Recent developments in Georgia, from the General Assembly’s recent legislative session to a new residence hall project for the State University System of Georgia, show that the use of public-private partnerships (or P3s) in the state is gaining serious traction, with more P3 projects likely on the horizon.

The Partnership for Public Facilities and Infrastructure Act of 2015

On May 5, 2015, Georgia Gov. Nathan Deal signed Senate Bill 59, the “Partnership for Public Facilities and Infrastructure Act,” into law. The governor’s signature brings successful closure to a multi-year effort by state Sen. Hunter Hill (R, 6th Dist.) and his co-sponsors in the General Assembly to bring this enabling legislation for so-called “vertical construction” P3s into the Georgia Code and allow public entities at all levels of state government and the private sector to partner to design, build, finance, lease, operate and/or maintain qualifying projects.

Speaking just the day after the law’s signing on a panel at the Georgia Construction Finance Conference in Atlanta, Sen. Hill stated that he and the other drafters looked to similar legislation in Virginia, Florida, Texas and other states in crafting the legislation. The law joins existing P3-enabling statutes covering water resources and highway transportation in Georgia.

The new law applies to such “qualifying projects” (defined broadly as “meeting a public purpose or a public need”) requires the adoption of P3 guidelines to govern the procurement of such projects, sets forth requirements for comprehensive agreements between the public and private sector entities, and sanctions the acceptance of both solicited proposals and unsolicited proposals from private sector bidders. While the new law expressly does not apply to facilities that generate electric power, provide communications, cable, or video services, or contain water reservoirs, the new law could be used for a broad range of infrastructure and facilities, including water and wastewater facilities, stormwater projects, solid-waste facilities, and all manner of so-called “social infrastructure” projects (e.g., schools, police and fire stations, courthouses, detention centers, public housing, mixed-use developments and civic centers), as well as transportation projects (e.g., ports, airports, railways, bridges, roads and highways), among many others.
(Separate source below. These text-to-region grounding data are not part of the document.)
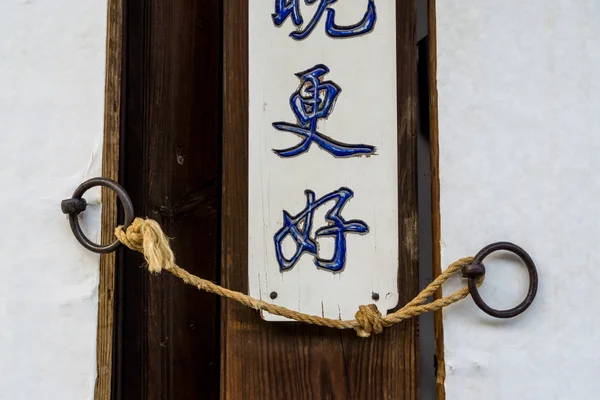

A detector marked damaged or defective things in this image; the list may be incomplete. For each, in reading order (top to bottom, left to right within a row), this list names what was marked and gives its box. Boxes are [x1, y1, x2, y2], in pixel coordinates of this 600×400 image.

rusty iron ring [61, 178, 134, 253]
rusty iron ring [464, 241, 540, 318]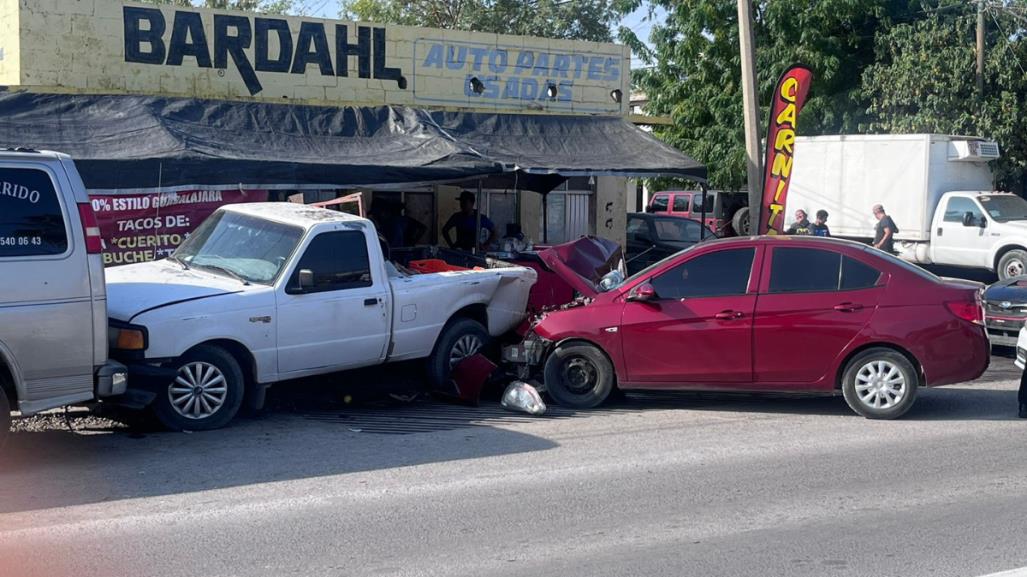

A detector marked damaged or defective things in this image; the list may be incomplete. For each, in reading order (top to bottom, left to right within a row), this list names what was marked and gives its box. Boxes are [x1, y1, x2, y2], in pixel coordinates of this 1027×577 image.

crumpled hood [105, 258, 246, 322]
crumpled hood [536, 235, 624, 296]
The legislation is a tool that governmental entities may use to provide an equitable framework for both the procurement of these projects and the governance of the resulting multi-year partnerships between private and public sector entities. Any Georgia county, municipality, consolidated government, board of education or any other local authority (e.g., sewer or water authority) created under Georgia law can utilize the new law, as well as any state agency, department, bureau, board, commission, or authority of the State of Georgia (including the Board of Regents of the University System of Georgia).
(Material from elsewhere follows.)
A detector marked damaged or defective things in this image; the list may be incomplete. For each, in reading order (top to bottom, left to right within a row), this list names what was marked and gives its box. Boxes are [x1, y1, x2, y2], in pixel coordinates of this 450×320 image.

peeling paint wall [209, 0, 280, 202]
A P3 Guidelines Committee composed of 10 experienced professionals in a variety of public and private sector fields related to infrastructure will be appointed by the governor, lieutenant governor and the speaker of the house under the new law by August 1, 2015. The committee will issue model guidelines for local governmental entities to use in receiving and handling unsolicited proposals by July 1, 2016. Under the law, a local governmental entity wishing to accept unsolicited proposals must either adopt the committee’s model guidelines or prepare their own; the new law delineates a number of requirements any set of guidelines must address. Sen. Hill has stated that these requirements were added to ensure a transparent and open process in the procurement of unsolicited proposals and head off the appearance of favoritism.

The law also prescribes the information to be included in any unsolicited proposal, and any interested bidder should carefully follow these instructions. Importantly, the law grants a local governmental entity broad discretion in deciding to cancel a project, allowing that, “[a]t any time during the process outlined in [the law] but before the full execution of a comprehensive agreement, the local government may, without liability to any private entity or third party, cancel its request for proposals or reject all proposals received in response to its request for proposals, including the unsolicited proposal, for any reason whatsoever.”
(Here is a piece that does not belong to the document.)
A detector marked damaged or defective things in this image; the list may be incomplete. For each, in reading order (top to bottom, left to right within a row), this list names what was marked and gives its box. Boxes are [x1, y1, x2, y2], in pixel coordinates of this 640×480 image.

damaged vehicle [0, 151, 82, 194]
Once the local governmental entity has evaluated the unsolicited proposal and all competing proposals submitted in response to the RFP, the entity must rank all of the proposals according to the criteria set out in the RFP. While price can be a factor considered in the contract award, it cannot be the only factor. After the ranking of proposals, the local governmental entity shall enter into negotiations with the first-ranked bidder. Should those negotiations not result in an interim or comprehensive agreement, then the entity shall enter into negotiations with the second-ranked bidder, and so on until either an agreement is reached or the local governmental entity decides to abandon the project.

This legislation also lays out the content requirements for the comprehensive (or final) agreement between the public and private sector partners, including bonding requirements and the rights and responsibilities of the local governmental entity should the agreement be terminated or the private sector party causes a material default under the agreement (including the public entity’s assumption of the private sector party’s duties and responsibilities). Although “interim” agreements (defined in other states’ legislation to be akin to an agreement between the partners to begin certain project phases before the execution of the comprehensive agreement) are mentioned in the legislation, such a term is not otherwise defined in Georgia’s new law.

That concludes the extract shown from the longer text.